INPUT DATA Start Marker

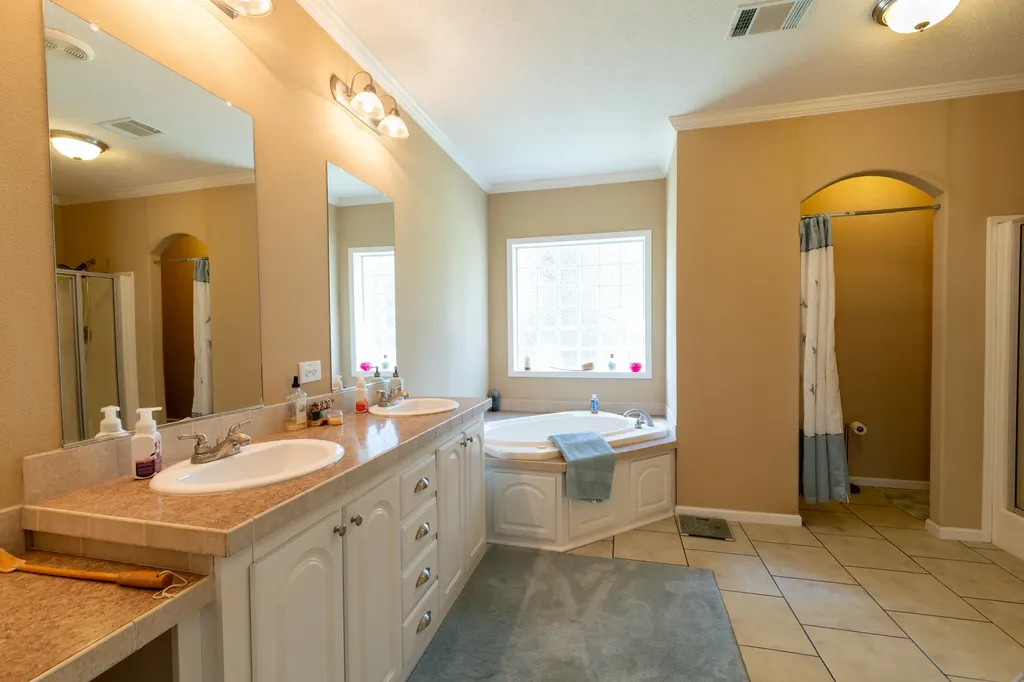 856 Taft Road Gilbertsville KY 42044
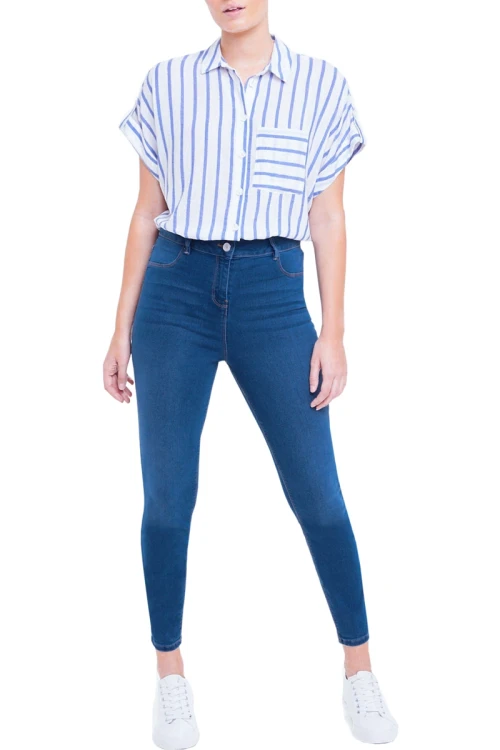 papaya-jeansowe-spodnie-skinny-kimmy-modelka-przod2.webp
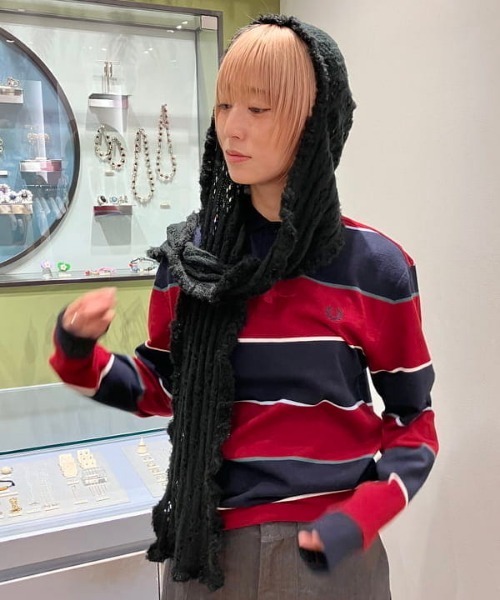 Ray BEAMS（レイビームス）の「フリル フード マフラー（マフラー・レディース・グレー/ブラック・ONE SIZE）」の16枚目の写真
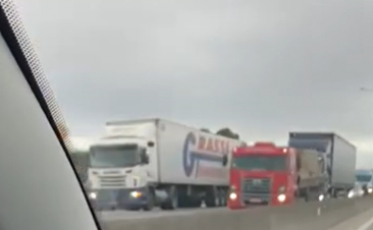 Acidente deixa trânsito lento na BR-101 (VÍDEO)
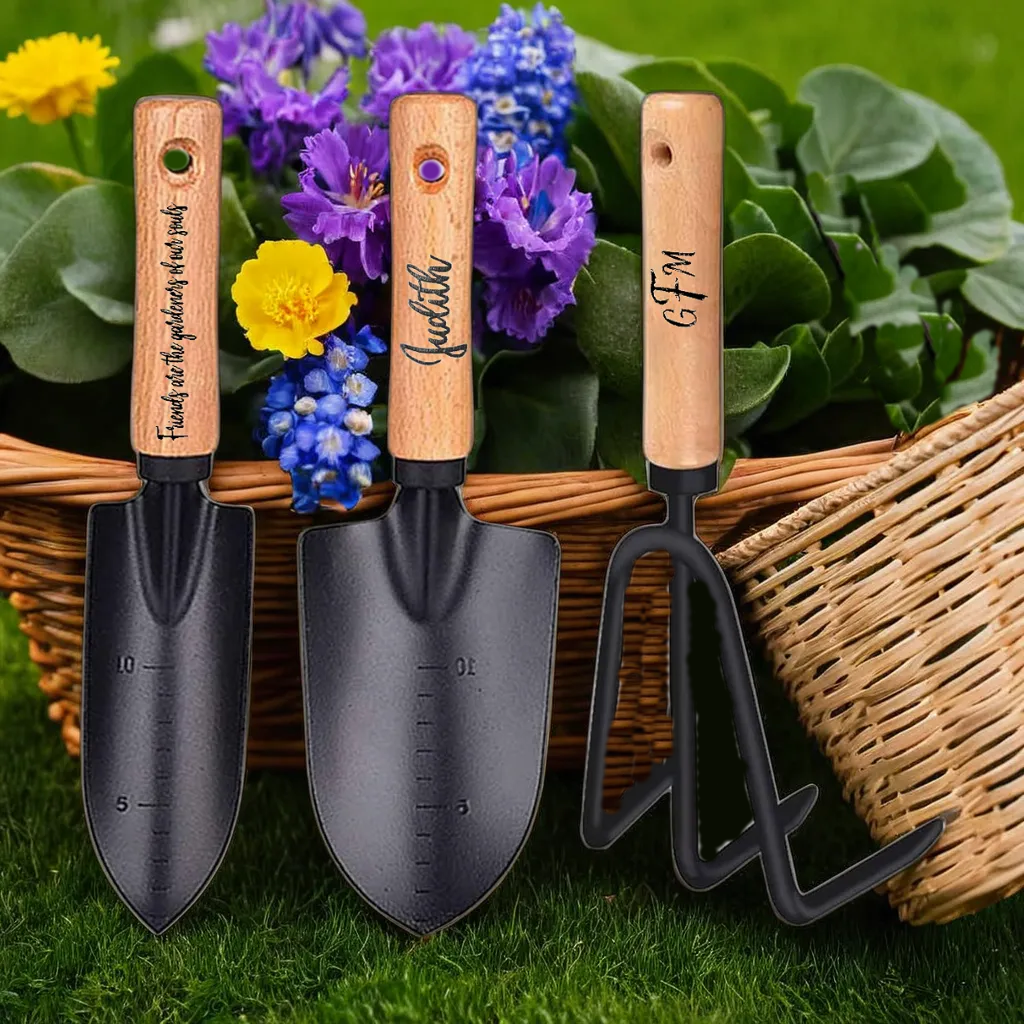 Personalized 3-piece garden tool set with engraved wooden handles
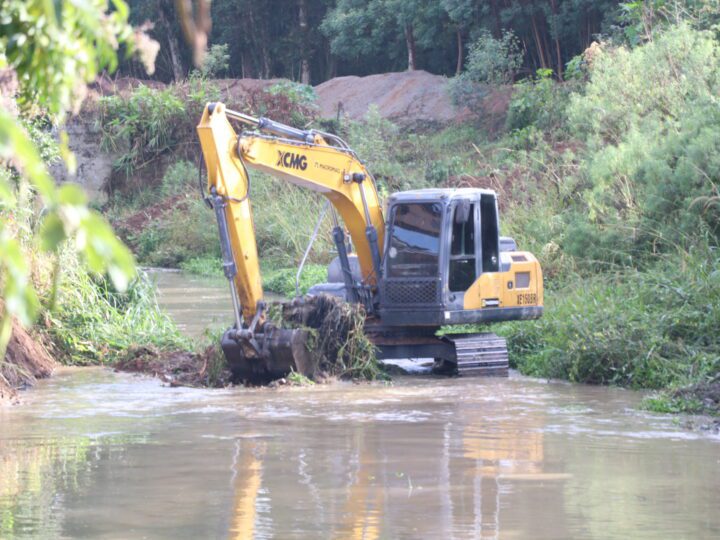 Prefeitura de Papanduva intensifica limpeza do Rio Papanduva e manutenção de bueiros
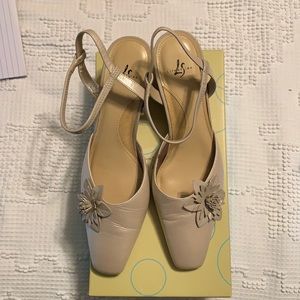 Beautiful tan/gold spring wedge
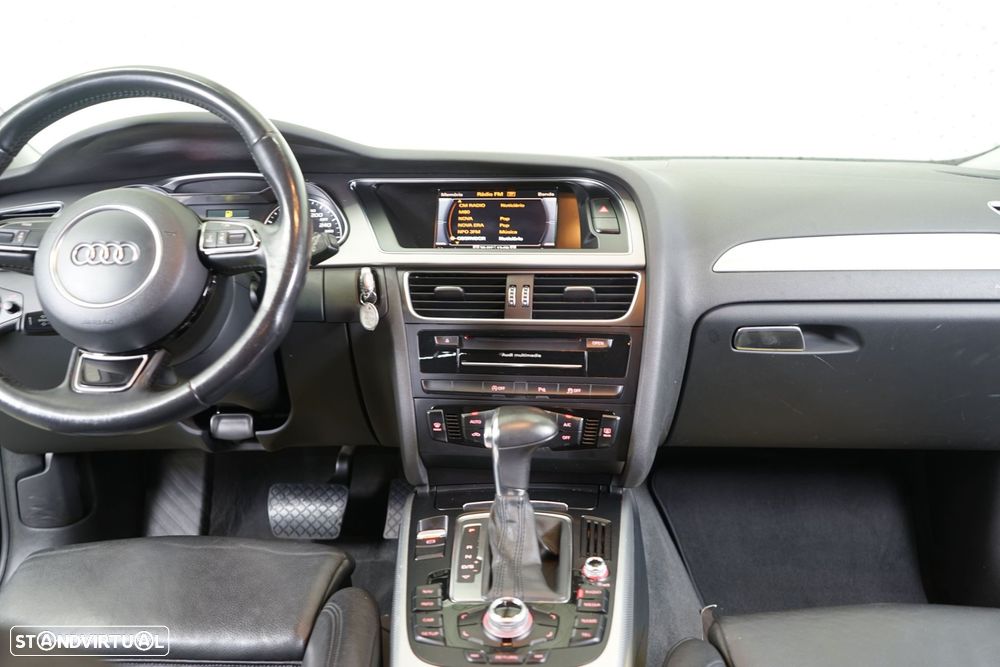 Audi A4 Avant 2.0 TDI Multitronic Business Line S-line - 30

INPUT DATA End Marker

== REQUIRED WORK ==
Stop after the line containing "Acidente deixa trânsito": copy the records exactly from the first line up to there, leaving pictures out.

== TASK SOLUTION ==
 856 Taft Road Gilbertsville KY 42044
 papaya-jeansowe-spodnie-skinny-kimmy-modelka-przod2.webp
 Ray BEAMS（レイビームス）の「フリル フード マフラー（マフラー・レディース・グレー/ブラック・ONE SIZE）」の16枚目の写真
 Acidente deixa trânsito lento na BR-101 (VÍDEO)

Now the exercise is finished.